HL: How receptive are nurse leaders to AI?

Benton: In the discussions I had with nurse leaders, there was everything from enthusiastic to sluggish. It depends on their own personal experience with this system and their comfort level.

If they understand the technology, then they are often more receptive. There are concerns, obviously, about artificial intelligence. Artificial intelligence learns from data sets and if there are errors in the data set, then they learn from those errors or biases. That’s why nursing has to be very prominent in helping develop these systems and implement these systems and detect where there are faults in the system.

In the early work on ChatGPT, when you would ask a question, it would confuse with contrived answers and give wrong responses, and unless you know the topic very well, you can be reassured by the responses because they are very assertive. . The latest generation, ChatGPT-4, has started to address some of these issues and ChatGPT-5 is about to get even better.

This is a space that is evolving very rapidly, and one of the challenges that nurse leaders have, in particular, is keeping up with all of these developments and taking the time to familiarize yourself with what some of these technologies can do, and indeed what they can do. don’t do it either.

HL: Some in healthcare are approaching AI as “additional intelligence”, not “artificial intelligence”, to support the idea of ​​technology assisting, not replacing, nurses and other healthcare staff. How important is that difference?

Benton: At this stage, this is an important distinction because “augmented” allows individuals to maintain accountability for their actions, as the final decision rests with the physician, whether they are nurses or physicians.
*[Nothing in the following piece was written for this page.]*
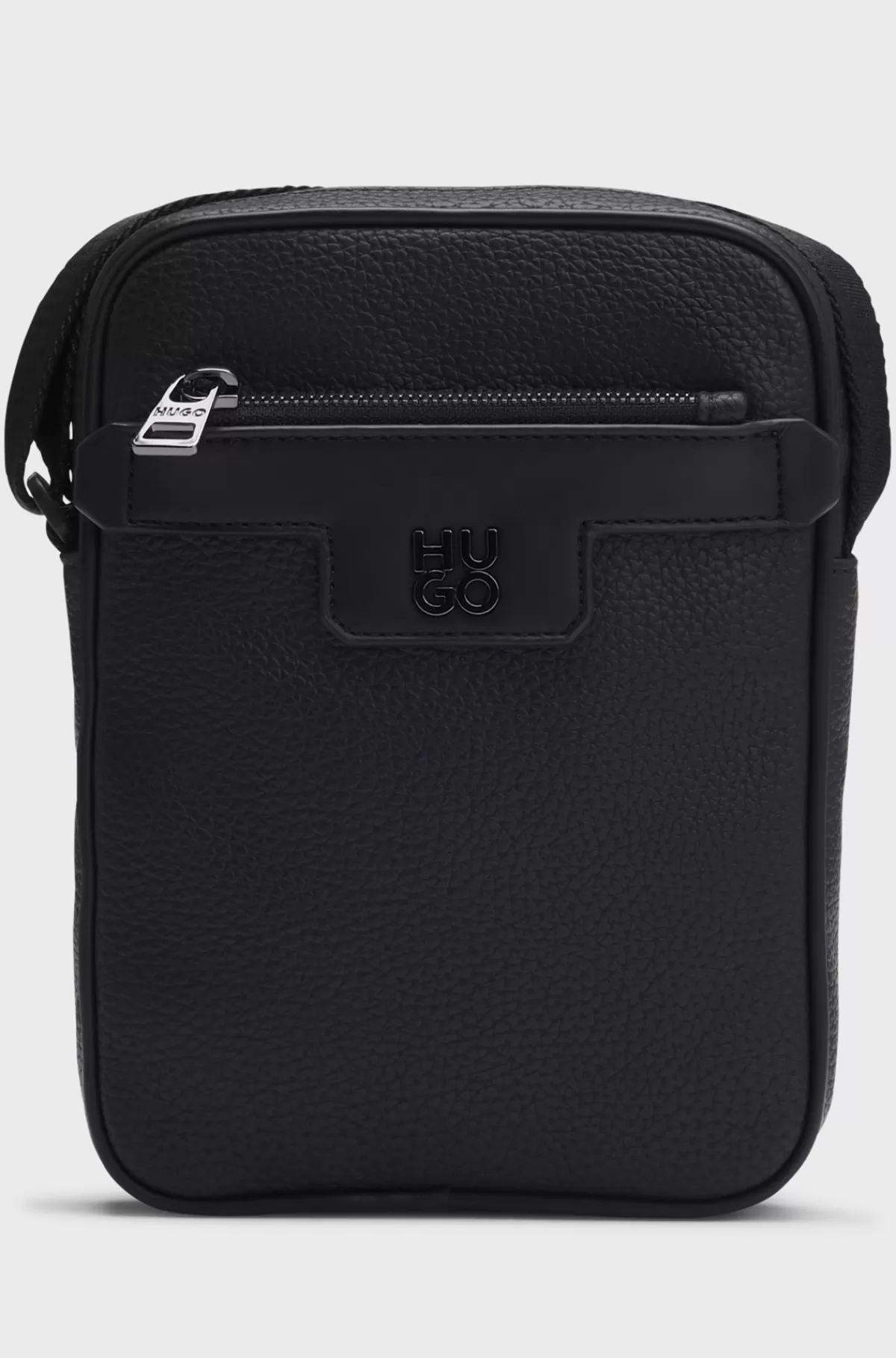 HUGO BOSS Skuldertaske I Imiteret Narvlæder Med Stablet Logo Sort Shop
Artificial intelligence concludes that it does everything on its own, and therefore as a tool for discussing AI with the public, with politicians, etc., a useful distinction today.

But when machines can consistently outperform humans, then the question is, “As a human, are you going to overrule a machine when you know it will get it right 99.99% of the time, and humans get it right only 90% of the time?” I know that I, as a patient, want to deal with something that will work out 99.99% correctly.

This is a real dilemma that society, and not just doctors, need to get used to, because it gives people the information they need to decide. And I have an obligation as a practitioner to ensure that you make the right decision.

HL: What would you like to see AI do for nursing?

Benton: In clinical spaces, where artificial intelligence can do a job as well or better than nurses, we need to partner with our technology, just like any other tool. If you think about the years gone by when we used mercury thermometers to take people’s temperatures, we didn’t think about it; it allows us to get an accurate value in terms of whether someone might be infected.

Right now, we have different technologies that do that in real time, and we don’t think about that. AI needs to be our partner in providing safe, effective and efficient healthcare in the future.

Carol Davis is the Nursing Editor at HealthLeaders, a brand of HCPro.